Ungkapan "seratus rasa teh" tidak hanya mengacu pada rasa pahit, sepat, segar dan manistehminuman keras, tetapi juga menggunakan teh sebagai metafora kehidupan. Setiap tegukan dan setiap tegukan menyerupai mencicipi tahapan dan suasana kehidupan yang berbeda.

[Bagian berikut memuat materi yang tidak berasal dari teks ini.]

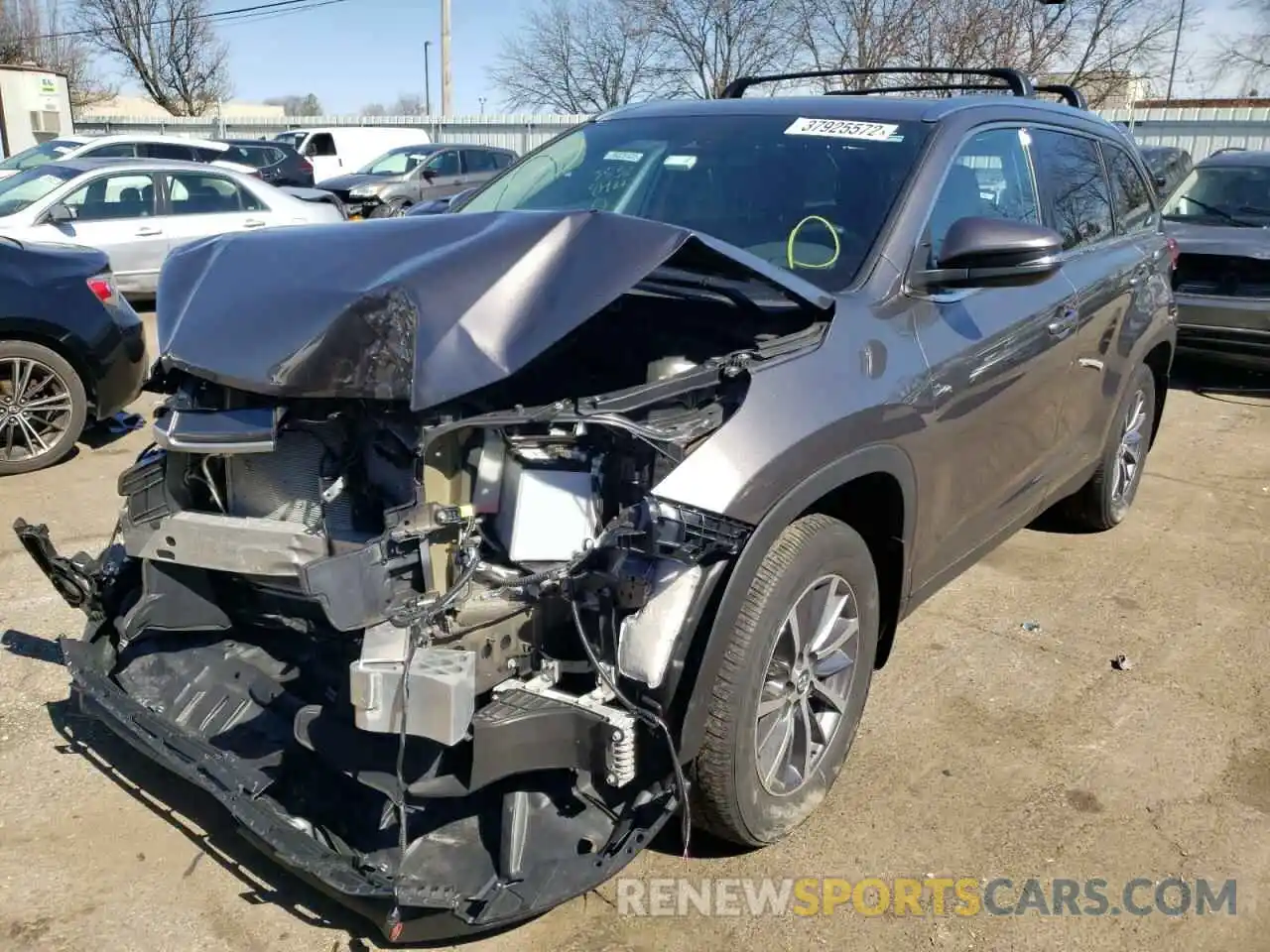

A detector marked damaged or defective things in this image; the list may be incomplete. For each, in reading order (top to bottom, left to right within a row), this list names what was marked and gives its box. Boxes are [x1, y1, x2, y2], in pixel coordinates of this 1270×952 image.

• Kepahitan: Rasa sedikit pahit saat menyeruput mencerminkan cobaan dan kesulitan hidup. Ini mempertajam indra kita dan membuat kita lebih menghargai sisa rasa manis berikutnya.

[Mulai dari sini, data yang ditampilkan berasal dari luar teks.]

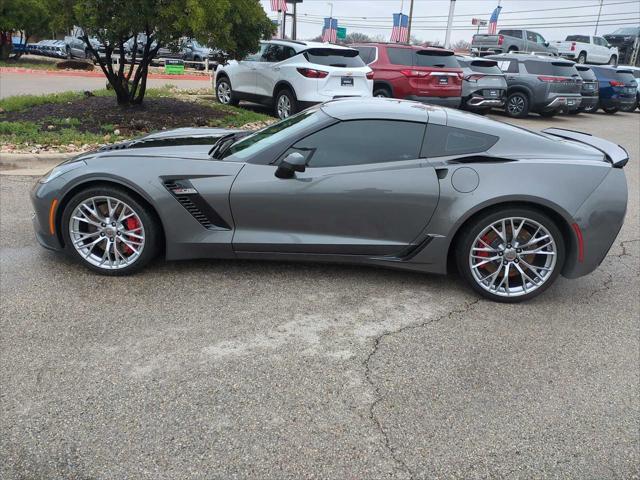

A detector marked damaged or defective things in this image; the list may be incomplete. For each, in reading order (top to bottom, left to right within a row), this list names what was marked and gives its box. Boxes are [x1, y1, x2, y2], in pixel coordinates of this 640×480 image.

• Astringency: Sensasi mengerut yang disebabkan oleh polifenol teh melambangkan kecanggungan dan kesulitan dalam pertumbuhan. Dengan kesabaran, rasa sepat ini berubah menjadi air liur manis menyegarkan yang tertinggal di tenggorokan.
• Kesegaran: Umami segar dari asam amino bagaikan kebahagiaan kecil dan tak terduga dalam hidup. Halus namun bercahaya, mencerahkan hari-hari biasa.
• Manisnya: Kembalinya rasa manis atau aroma manis melambangkan imbalan setelah kerja keras, atau kelegaan setelah kesulitan - ringan namun berkepanjangan.
• Ringan lembut: Setelah beberapa kali diseduh, rasa teh memudar, namun jiwa teh masih tertinggal di air biasa. Melambangkan kesederhanaan dan ketulusan setelah hiruk pikuk kemakmuran memudar.
Enam Kategori Teh Utama: Bentuk Semua Rasa Setelah ribuan tahun berevolusi, teh Tiongkok dibagi menjadi enam kategori dasar, masing-masing dengan rasa unik yang bersama-sama membentuk spektrum penuh rasa teh:
1. Teh hijau: Tidak difermentasi, mempertahankan rona zamrud alaminya. Ini menawarkan aroma yang kaya dan kesegaran yang cerah. Varietas seperti Xinyang Maojian, West Lake Longjing, dan Biluochun menghadirkan esensi musim semi yang murni dan segar.
2. Teh Putih: Sedikit difermentasi dengan pengerjaan paling sederhana - tanpa digoreng atau digulung, hanya dijemur-di bawah sinar matahari alami. Ini membawa aroma halus dan minuman keras pucat. Jenis yang representatif termasuk Silver Needle dan White Peony.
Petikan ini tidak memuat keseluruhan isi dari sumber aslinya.